**What the task requires:**
Look below for the line containing "Ralph Lauren Short" and the line containing "Rootz Consoletafel - Consoletafel"; repeat exactly those two lines and all lines between them, and nothing else.

*** Provided information Section Begins ***

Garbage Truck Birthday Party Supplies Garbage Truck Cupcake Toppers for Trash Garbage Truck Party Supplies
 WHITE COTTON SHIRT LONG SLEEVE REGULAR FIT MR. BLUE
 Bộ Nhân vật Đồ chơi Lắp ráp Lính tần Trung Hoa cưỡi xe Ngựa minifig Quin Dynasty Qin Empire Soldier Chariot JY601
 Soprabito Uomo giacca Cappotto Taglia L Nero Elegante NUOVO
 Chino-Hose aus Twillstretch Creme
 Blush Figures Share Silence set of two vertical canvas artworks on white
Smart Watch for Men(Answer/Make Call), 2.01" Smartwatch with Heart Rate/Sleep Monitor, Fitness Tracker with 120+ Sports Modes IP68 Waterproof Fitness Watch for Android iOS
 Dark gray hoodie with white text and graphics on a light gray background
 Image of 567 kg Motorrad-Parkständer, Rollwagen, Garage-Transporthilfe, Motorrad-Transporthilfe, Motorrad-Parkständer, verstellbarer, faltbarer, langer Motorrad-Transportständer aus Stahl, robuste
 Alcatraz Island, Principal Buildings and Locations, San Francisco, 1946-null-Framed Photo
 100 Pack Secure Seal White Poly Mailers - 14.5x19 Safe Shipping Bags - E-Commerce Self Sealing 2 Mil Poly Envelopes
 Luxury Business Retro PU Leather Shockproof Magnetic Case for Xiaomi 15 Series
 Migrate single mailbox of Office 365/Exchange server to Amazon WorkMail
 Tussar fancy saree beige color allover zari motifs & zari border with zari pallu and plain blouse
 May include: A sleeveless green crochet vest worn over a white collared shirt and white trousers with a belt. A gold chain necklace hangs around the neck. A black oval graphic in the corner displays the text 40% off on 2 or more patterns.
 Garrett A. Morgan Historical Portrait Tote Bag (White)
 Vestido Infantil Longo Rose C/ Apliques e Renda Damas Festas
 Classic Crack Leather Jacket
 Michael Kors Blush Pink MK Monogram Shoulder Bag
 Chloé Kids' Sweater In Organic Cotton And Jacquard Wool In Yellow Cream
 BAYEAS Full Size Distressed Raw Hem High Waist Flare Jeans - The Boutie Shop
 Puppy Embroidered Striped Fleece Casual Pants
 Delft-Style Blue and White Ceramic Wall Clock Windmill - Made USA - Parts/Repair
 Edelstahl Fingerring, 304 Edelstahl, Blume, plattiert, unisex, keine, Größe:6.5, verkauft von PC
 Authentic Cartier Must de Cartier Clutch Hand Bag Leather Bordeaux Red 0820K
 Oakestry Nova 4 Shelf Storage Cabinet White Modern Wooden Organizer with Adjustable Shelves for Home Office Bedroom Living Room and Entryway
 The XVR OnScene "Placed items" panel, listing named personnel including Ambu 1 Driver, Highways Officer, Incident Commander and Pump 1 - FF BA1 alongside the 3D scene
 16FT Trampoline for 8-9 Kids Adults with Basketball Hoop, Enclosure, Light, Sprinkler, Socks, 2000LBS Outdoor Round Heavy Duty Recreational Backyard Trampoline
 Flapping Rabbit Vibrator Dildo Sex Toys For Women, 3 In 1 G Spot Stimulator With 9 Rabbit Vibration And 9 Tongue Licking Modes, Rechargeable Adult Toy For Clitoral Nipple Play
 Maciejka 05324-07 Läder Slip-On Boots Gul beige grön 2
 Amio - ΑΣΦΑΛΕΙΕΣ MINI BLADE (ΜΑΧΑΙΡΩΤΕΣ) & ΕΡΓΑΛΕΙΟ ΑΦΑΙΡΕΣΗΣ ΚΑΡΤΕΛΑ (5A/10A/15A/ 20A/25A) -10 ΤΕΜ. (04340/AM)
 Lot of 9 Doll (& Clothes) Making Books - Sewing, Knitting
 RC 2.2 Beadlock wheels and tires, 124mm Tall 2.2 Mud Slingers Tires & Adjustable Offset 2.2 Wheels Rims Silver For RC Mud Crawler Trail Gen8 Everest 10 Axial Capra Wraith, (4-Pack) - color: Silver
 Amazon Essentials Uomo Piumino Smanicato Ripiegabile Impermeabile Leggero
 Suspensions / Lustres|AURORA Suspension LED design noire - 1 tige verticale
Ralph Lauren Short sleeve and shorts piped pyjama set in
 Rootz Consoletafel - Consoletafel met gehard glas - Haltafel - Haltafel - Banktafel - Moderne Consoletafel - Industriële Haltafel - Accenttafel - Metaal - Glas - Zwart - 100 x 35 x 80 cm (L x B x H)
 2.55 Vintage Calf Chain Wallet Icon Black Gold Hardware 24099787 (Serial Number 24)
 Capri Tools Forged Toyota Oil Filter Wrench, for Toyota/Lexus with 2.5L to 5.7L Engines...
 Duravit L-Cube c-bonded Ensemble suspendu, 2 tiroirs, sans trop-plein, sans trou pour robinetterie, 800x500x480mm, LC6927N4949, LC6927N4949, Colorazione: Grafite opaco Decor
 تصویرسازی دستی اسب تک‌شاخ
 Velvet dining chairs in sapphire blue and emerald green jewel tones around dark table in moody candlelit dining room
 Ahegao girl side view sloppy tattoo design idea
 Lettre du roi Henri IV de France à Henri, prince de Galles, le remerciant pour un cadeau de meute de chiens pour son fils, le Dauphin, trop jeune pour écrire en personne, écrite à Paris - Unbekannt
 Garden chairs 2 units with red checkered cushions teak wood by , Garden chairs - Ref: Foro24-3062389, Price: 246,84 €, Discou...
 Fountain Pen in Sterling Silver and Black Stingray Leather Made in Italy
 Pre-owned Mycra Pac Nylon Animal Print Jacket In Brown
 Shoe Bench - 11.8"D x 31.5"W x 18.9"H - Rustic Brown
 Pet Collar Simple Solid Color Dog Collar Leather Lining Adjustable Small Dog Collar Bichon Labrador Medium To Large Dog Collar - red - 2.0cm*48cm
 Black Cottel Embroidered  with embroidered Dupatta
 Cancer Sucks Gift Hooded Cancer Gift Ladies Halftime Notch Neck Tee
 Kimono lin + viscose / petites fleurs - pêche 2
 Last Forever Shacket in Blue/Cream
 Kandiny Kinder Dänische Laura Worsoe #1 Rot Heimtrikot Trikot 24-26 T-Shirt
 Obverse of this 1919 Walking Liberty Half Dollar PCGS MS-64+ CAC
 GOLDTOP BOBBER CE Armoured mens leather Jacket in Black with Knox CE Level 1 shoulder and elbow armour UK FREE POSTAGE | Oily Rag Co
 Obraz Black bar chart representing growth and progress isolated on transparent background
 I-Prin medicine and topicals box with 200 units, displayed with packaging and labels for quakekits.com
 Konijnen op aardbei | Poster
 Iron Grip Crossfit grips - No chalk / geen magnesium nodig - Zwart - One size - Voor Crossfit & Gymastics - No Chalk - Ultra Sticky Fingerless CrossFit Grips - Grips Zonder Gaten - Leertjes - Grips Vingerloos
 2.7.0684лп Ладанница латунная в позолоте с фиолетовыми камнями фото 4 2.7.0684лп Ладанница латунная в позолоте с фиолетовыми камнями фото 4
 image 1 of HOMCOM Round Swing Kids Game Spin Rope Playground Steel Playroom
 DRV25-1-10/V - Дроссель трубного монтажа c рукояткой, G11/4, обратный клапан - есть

*** Provided information Section Ends ***

**Your solution:**
Ralph Lauren Short sleeve and shorts piped pyjama set in
 Rootz Consoletafel - Consoletafel met gehard glas - Haltafel - Haltafel - Banktafel - Moderne Consoletafel - Industriële Haltafel - Accenttafel - Metaal - Glas - Zwart - 100 x 35 x 80 cm (L x B x H)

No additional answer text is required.